Bir Kitap…

“Bu kitap tüm yoksulluğa, imkansızlıklara ve elverişsiz doğa koşullarına rağmen, bir avuç aydının önderliğinde; askerlerden din adamlarına, profesörlerden öğretmenlere, doktorlardan işinsanlarına kadar, her meslekten insanın omuz omuza bir dayanışma sergileyerek, Finlandiya’yı, ülkelerini geri kalmışlıktan kurtarmak için nasıl büyük bir mücadele verdiklerini, tüm insanlığa örnek olacak biçimde gözler önüne sermektedir.”

Bir günü okumadan geçiriyorsanız zarardasınız. Okumayan insandan hiçbir şey olmaz. 24 saatimiz var. 7-8 saati uykuda geçiyor. 8-10 saati iş-güç için harcıyoruz. Geriye kalan zamanın yarısını okumaya, öğrenmeye, yenilenmeye ayırmamız icap ediyor. Bunu yapmadıkça üretici ülke olamayacağız.

Evlerimizde kullandığımız 50 kadar eşyanın hemen hemen tümü beğenmediğimiz Çinliler’in ürünü. Musluktan bilgisayara kadar Çin bizi esir aldı. Yerli ürün neredeyse hiç kalmadı. Türk Malı diye bildiğimiz bir çok gereç de artık Çin’deki fabrikalarda yapılıyor.

“Kitap okuyunca uykum geliyor” diyenlerdenseniz yazının devamını okumayın. Gerek yok. Siz zaten ölmüşsünüz demektir.

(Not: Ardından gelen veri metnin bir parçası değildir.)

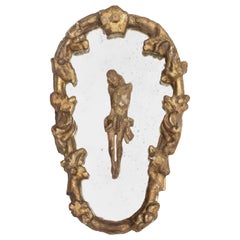 Miroir italien du 18ème siècle en feuille d'or vieillie avec figure du Christ sculptée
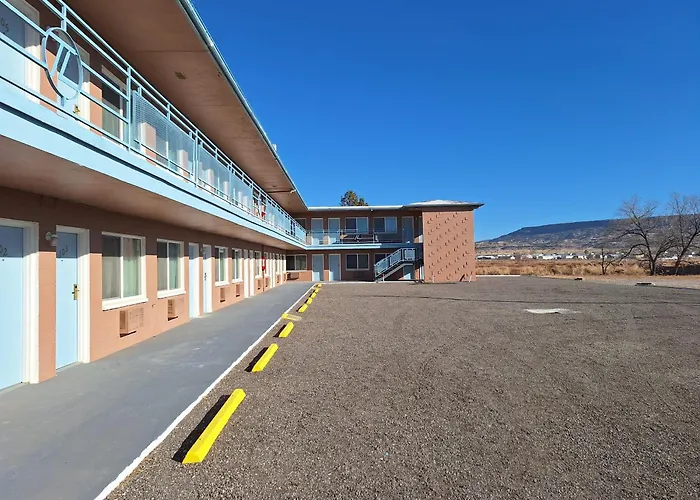 Leisure Lodge Motel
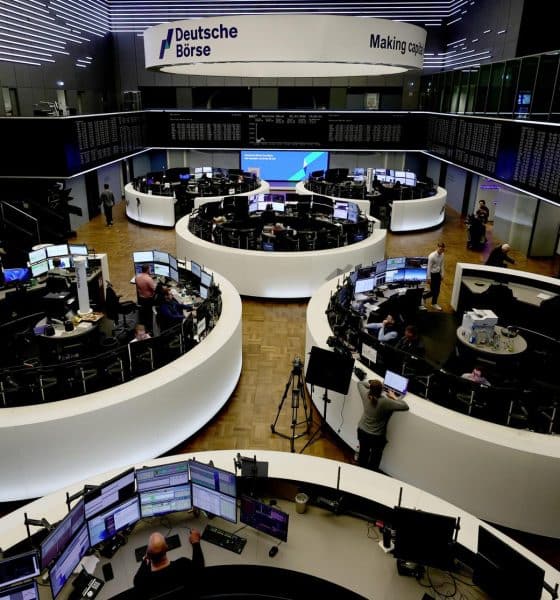 Vista interior del parqué de la Bolsa de Fráncfort eeste lunes, jornada marcada por el temor a un conflicto en Oriente Medio. EFE/EPA/RONALD WITTEK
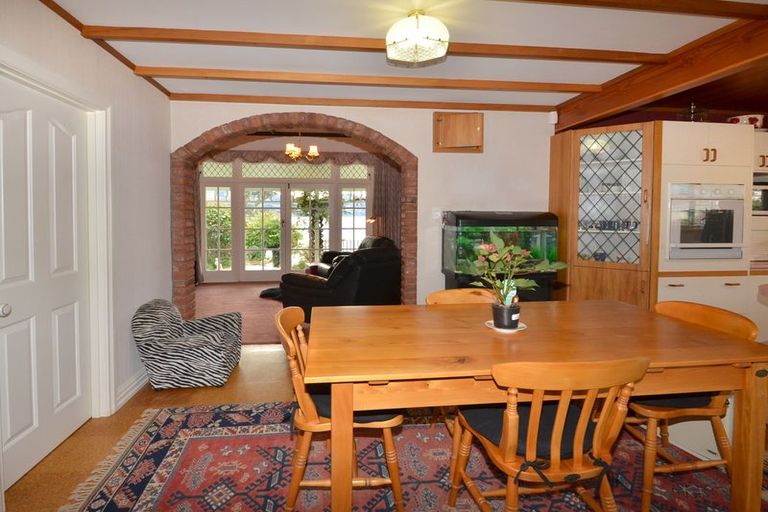 Photo of property in 41 Marine Parade, Macandrew Bay, Dunedin, 9014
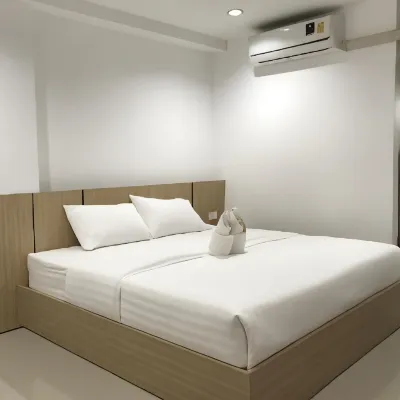 Simon Inn Hotels near Pae Pla Mae Nam Pasak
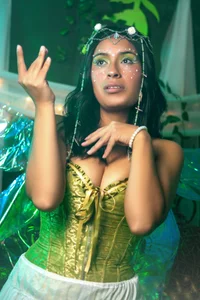 Roxanne_Han ✨🧚🏽‍♀️ℍ𝕒𝕡𝕡𝕪 ℍ𝕒𝕝𝕝𝕠𝕨𝕖𝕖𝕟🧚🏽‍♀️✨ Bilde 2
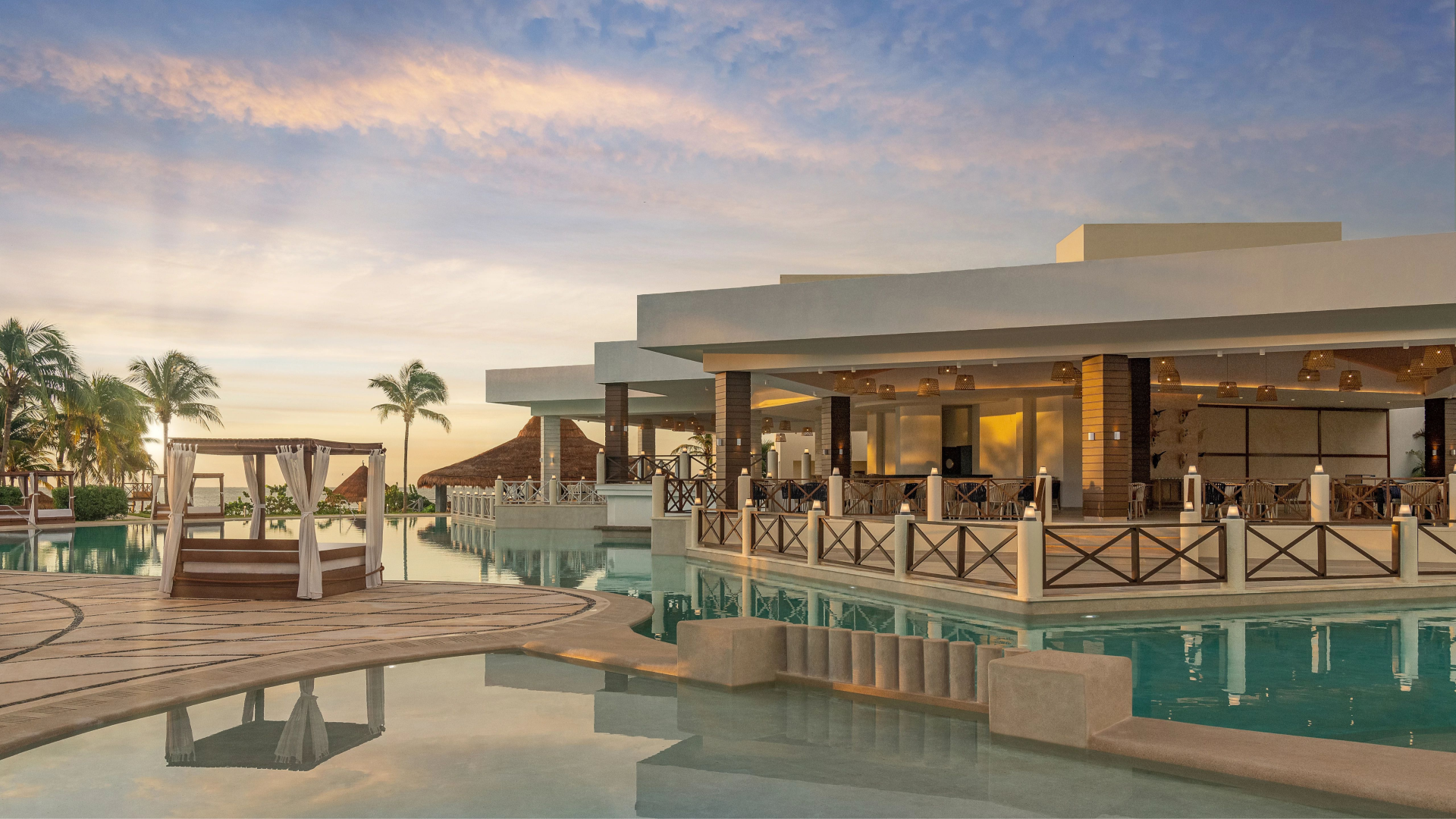 Principal view of the Dreams Puerto Morelos, Riviera Maya with Aquaterra Travels Principal view of the Dreams Puerto Morelos, Riviera Maya with Aquaterra Travels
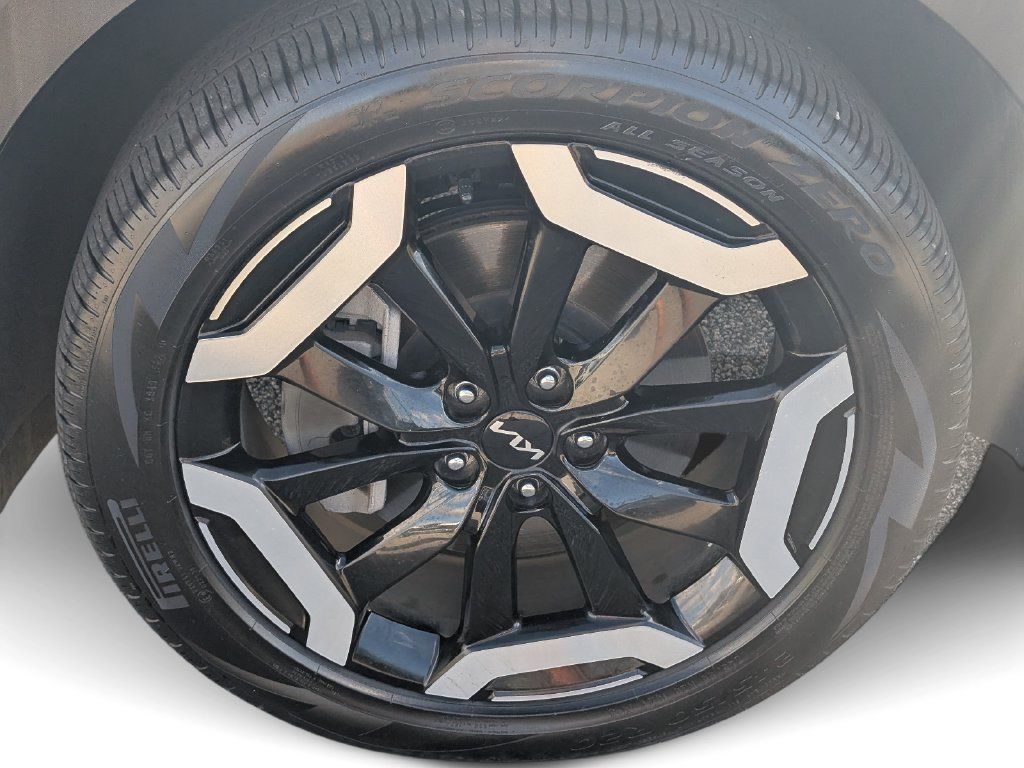 Certified 2024 Kia Telluride EX w/ EX Captain's Chair Package FWD image 12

“Her şey bitti. Kurtulma imkanımız yok. Biz öldük. Biz bittik” anlayışına sahipseniz sizinle de bir yere varamayız. Sürekli negatif, karamsar konuları konuşan, bunları tekrar eden insanlardan olmayın. Hiçbir şeyin sonu değildir. Zor diye bir şey yoktur. Az çalışma vardır.

Bazı kitaplar vardır ki on yıllar geçse de değerini yitirmez. Grigory Petrov’un yazmış olduğu “Beyaz Zambaklar Ülkesinde” adlı kitap da böyledir.

Şu dünyada 25 bin gün kadar yaşıyorsunuz. Abuk subuk filmleri, dizileri, yarışmaları izleyecek zamanı buluyorsunuz. 1-2 saatinizi ayırıp mutlaka bu eseri de okumalısınız. “Benden geçti” diyorsanız çocuklarınıza okutunuz…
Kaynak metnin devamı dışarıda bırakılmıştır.